Re “Campaign finance in a gilded age” (Left Foot Forward, April 26):

I appreciate your commentary about campaign finance. My solution, which unfortunately will never be implemented, is a constitutional amendment simply prohibiting any donations of money, property or services to a candidate for national office by anyone or any entity who CANNOT vote for the candidate. I suggest that such a constitutional amendment would return the power to voters and end the practices described in your article.

Donald Schreiber

Incline Village

Party line letter

Re “GOP decay revives party line votes” (Left Foot Forward, May 3):

Ms. Leslie, as much as I usually respect your opinion on most subjects, I feel that you have fallen a bit short on your actions for this election cycle. It's not just the Republican agenda that is a threat to our country. The established course of the Democratic Party is just as scary for our future. The philosophy of “Any Blue Will Do” can be just as devastating.

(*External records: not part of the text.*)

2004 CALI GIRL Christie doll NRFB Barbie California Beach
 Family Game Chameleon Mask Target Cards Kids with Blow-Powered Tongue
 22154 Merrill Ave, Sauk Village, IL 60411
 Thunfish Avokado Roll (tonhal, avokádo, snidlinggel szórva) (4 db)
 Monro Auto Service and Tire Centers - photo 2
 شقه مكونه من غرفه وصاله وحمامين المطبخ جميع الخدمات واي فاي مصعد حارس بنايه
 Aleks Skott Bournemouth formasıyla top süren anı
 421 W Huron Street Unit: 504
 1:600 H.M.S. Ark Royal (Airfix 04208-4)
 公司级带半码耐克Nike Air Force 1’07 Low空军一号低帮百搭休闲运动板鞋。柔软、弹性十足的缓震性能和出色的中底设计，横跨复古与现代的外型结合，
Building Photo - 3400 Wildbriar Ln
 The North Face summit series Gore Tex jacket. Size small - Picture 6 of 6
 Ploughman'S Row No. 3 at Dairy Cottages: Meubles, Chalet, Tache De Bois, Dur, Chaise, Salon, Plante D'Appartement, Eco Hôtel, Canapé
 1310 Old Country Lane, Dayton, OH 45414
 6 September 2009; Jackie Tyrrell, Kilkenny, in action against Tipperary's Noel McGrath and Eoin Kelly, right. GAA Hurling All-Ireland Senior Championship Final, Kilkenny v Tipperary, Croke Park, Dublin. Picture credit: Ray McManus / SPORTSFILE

Granted, until we can get rid of the strict monopoly of the two-party system, that creates their own rules, we will be stuck with the one percent buying our government. Please, do everything in your power to vote progressive. And not just by name, but by previous actions.

Michael McArthur

Reno

Secret letter

Re “The secret history of Reno” (cover story, April 26):

While I applaud the thoughtfulness of “The Secret History of Reno” two groups were notably absent from the article—women and LGBTQ. Quite an oversight, and to be ignored is itself a form of discrimination. Dennis McBride has written a history of LGBTQ discrimination in Nevada, called Out of the Neon Closet. This is a definitive work on the subject of homophobia in Nevada and the culmination of years of gathering an archive of printed evidence of homophobia at the highest levels of society.

Thomas Mullin

Reno

Editor's note: We ran a cover story about Dennis McBride's book last year (“Hidden history,” Feb. 16, 2017) as well as another cover story that was an excerpt from his book (“Stripped rights,” July 13, 2017). However, one of the problems involved in reporting the history of that once-closeted group is a lack of archives and recorded history. For that reason and reasons of space, we cannot always be as thorough as we would like.

Aggressive letter

Due to present and/or future plans of present and/or future rogue nations and/or terrorists, it is not only the United States who needs reality-tested ever-evolving defenses against ever-evolving nuclear missile threats.

Any steps we are taking against germ or chemical attack, and—last but not least—EMP-hardening and GPS-backup technology, we also need to share these things with India and other non-rogue non-communist nations, in case present and/or future rogue nations and/or terrorists may have plans for world conquest.

Alex Sokolow

Santa Monica

Letter letter

Re “Perky little letter” (letters, April 26):

Well, editors, I, too, occasionally enjoy a good “compass” letter—you know, one that seems to point in every damn direction except the one the author was headed in. Or, were you just listening in and figured you had to demonstrate the proper utilization of a “RANT room”?

Ps. Whoa—hang on a second here. You had something left over from April 1 you just had to get into print, din'ja? Lettin' your ego write the rent check again, huh?